Collazo however, despite the setbacks has always been a fighter who will give anyone in the Welterweight division a difficult fight. Luis Collazo is still a world-class boxer and definitely a threat to anyone who might oppose him. Since his most recent loss, a ten round unanimous decision to Freddy Hernandez in 2011, Collazo was able to build momentum winning three straight fights which would lead to his next opportunity on the marquee level of the sport. Collazo’s opponent? Victor Ortiz…

An argument should be made that one fighter that has been one of Boxing’s hottest rising stars in the last several years has been Victor Ortiz. Most will remember Ortiz’ thrilling knockdown, drag out war against Andre Berto in April of 2011. A fight that was voted fight of the year by many was Ortiz’ crowning achievement as he defeated Berto for the WBC Welterweight world title that night. Off a great fight as that fight was it was not hard to understand that Ortiz would be a front runner for a potential fight with Floyd Mayweather, the man widely considered the best fighter pound for pound in the world.

Ortiz did get his opportunity to prove that he belonged in the discussion of the sport’s pound for pound debates when he defended his world title against Mayweather later that year. A fight that will forever be remembered for it’s somewhat controversial outcome. Ortiz was penalized a point for an intentional head butt in round four. While the referee Joe Cortez appeared to have his attention diverted from the action Mayweather knocked Ortiz out with two legal punches while Ortiz seemed to be waiting for Cortez to restart the action. Cortez subsequently counted Ortiz out upon seeing him on the canvas after being knocked down.

After the somewhat controversial way that fight ended, Ortiz was then slated to face Berto in what was a highly anticipated rematch. Unfortunately for Ortiz, the rematch would not come to be as Berto would first suffer an injury causing postponement to the bout and eventually a cancellation of the fight after Berto tested positive for a banned substance during randomized testing conducted by the Voluntary Anti-Doping Association (VADA). 

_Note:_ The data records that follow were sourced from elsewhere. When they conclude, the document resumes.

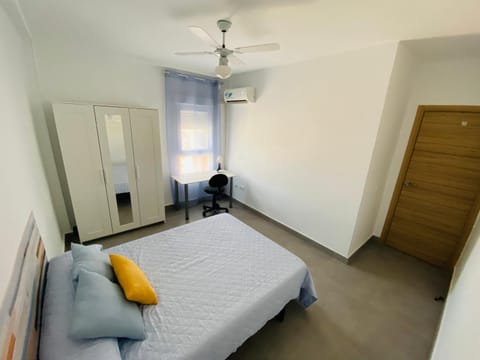 Photo of the whole room, air conditioner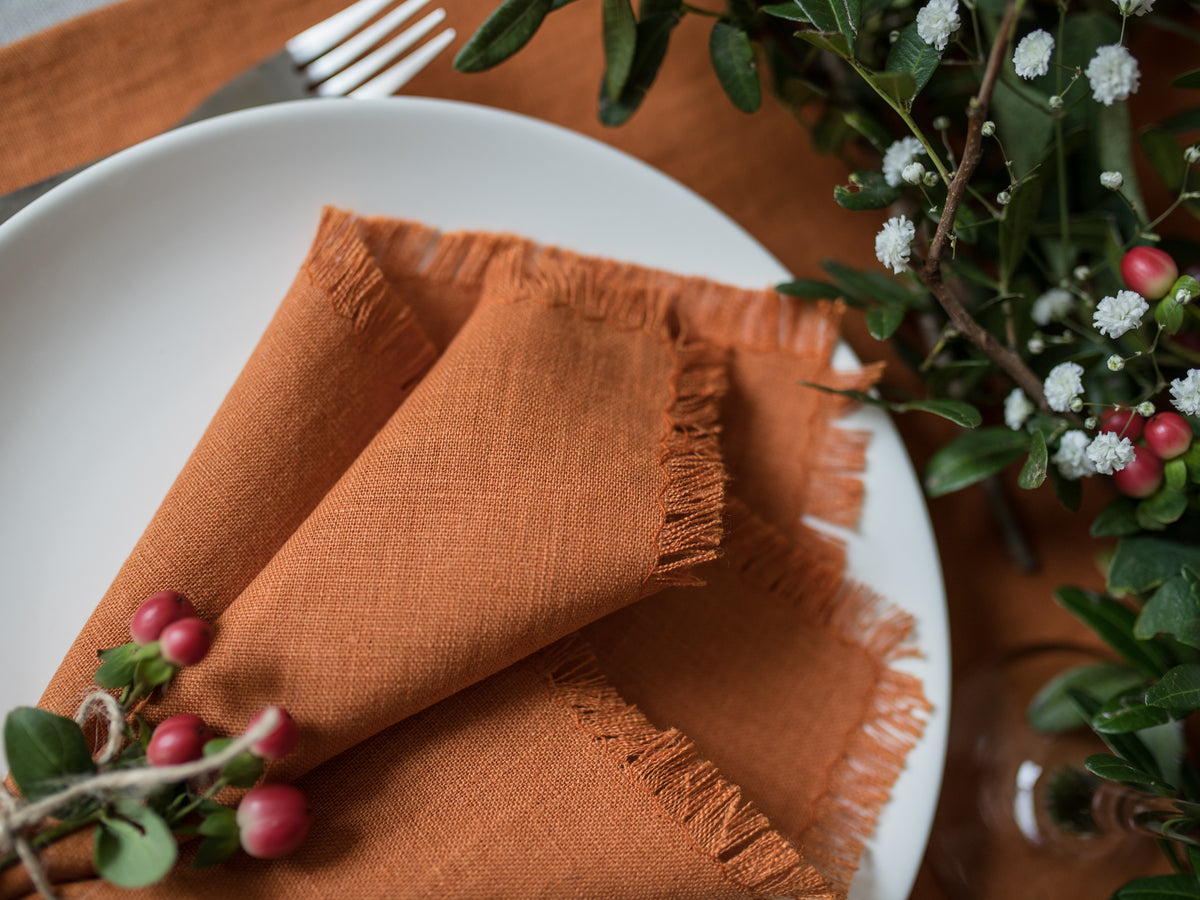 Fringed Orange linen napkin on a white plate with greenery and berries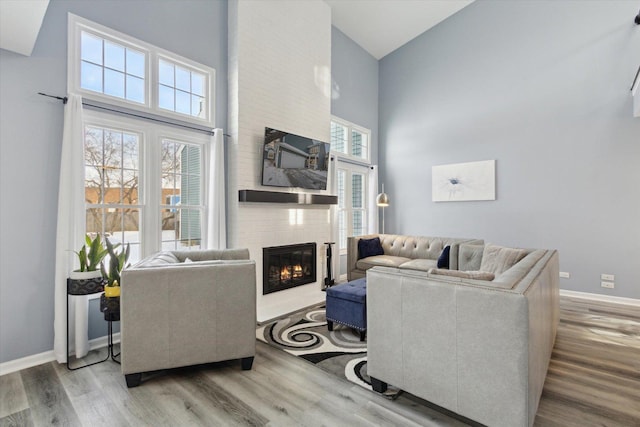 living area with a large fireplace, a high ceiling, baseboards, and wood finished floors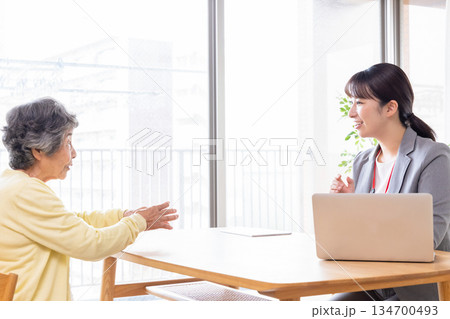 シニア女性に説明するビジネスウーマン シニア女性に説明するビジネスウーマン 134700493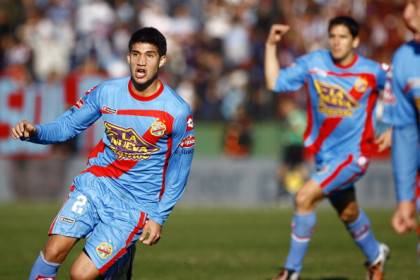 Arsenal's Lisandro Lopez celebrates his
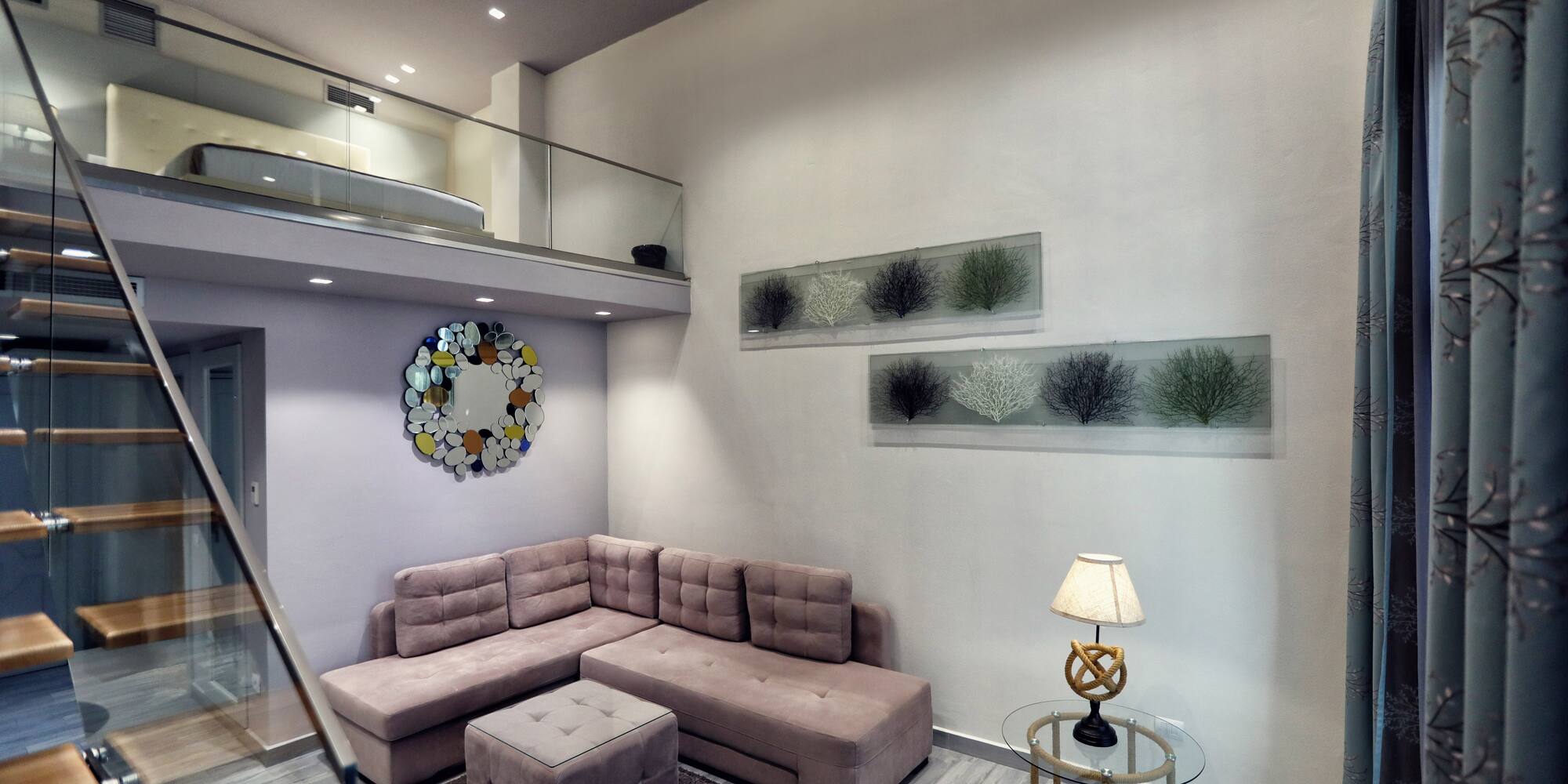 a living room with a couch and a lamp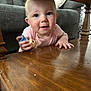 baby, infant, child, toy, figurine, wooden_table, coffee_table, living_room, sofa, crawling, pink_clothing, blue_eyes, hand, cheeks, portrait, close_up, furniture, wood_texture, curious, smile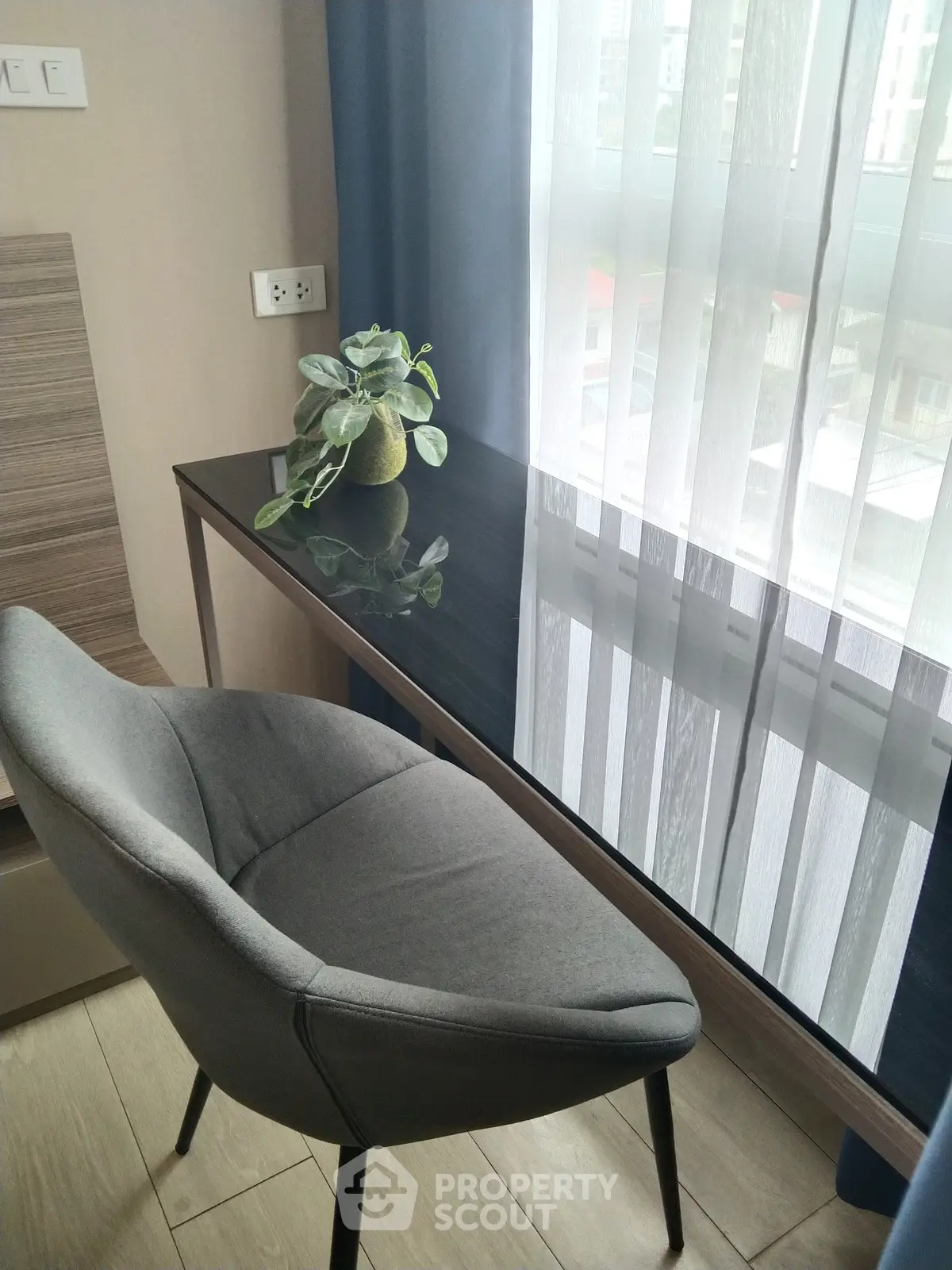 Modern study area with sleek desk and stylish chair by a bright window.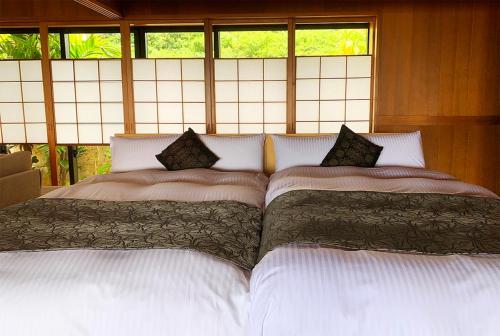 two beds sitting next to each other in a bedroom at Hyakunagaran in Nanjo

A replacement for Berto would be found in then Jr. Welterweight contender Josesito Lopez who agreed to move up to the Welterweight division to face Ortiz. The fight which took place in June of 2012 was a give and take battle where both fighters had their moments. The exciting fight was halted at the end of the ninth round when Ortiz had to retire from the fight after suffering a broken jaw. To many, Ortiz’ loss to Lopez was unexpected and for some would raise questions as to Ortiz’ future. Much like Collazo, Ortiz has had more than his share of obstacles.

When this fight was announced I was somewhat surprised that Victor Ortiz would come back after suffering two straight losses against such a difficult opponent in Luis Collazo. It was however, an interesting fight that would garner attention. One could make a valid argument that this fight could well have represented a make it, or break it scenario for either fighter each with something to prove.

Could Ortiz bounce back after suffering back-to-back knockout losses and after being out of action for over a year? Could Luis Collazo finally get that marquee win against a recognized star the sport and thus catapult himself back into the world title picture?

The answers to those questions could be viewed as both simple and complex. The two former world champions squared off at the Barclays Center in Brooklyn, New York on Thursday night with Collazo’s WBA International Welterweight championship at stake.  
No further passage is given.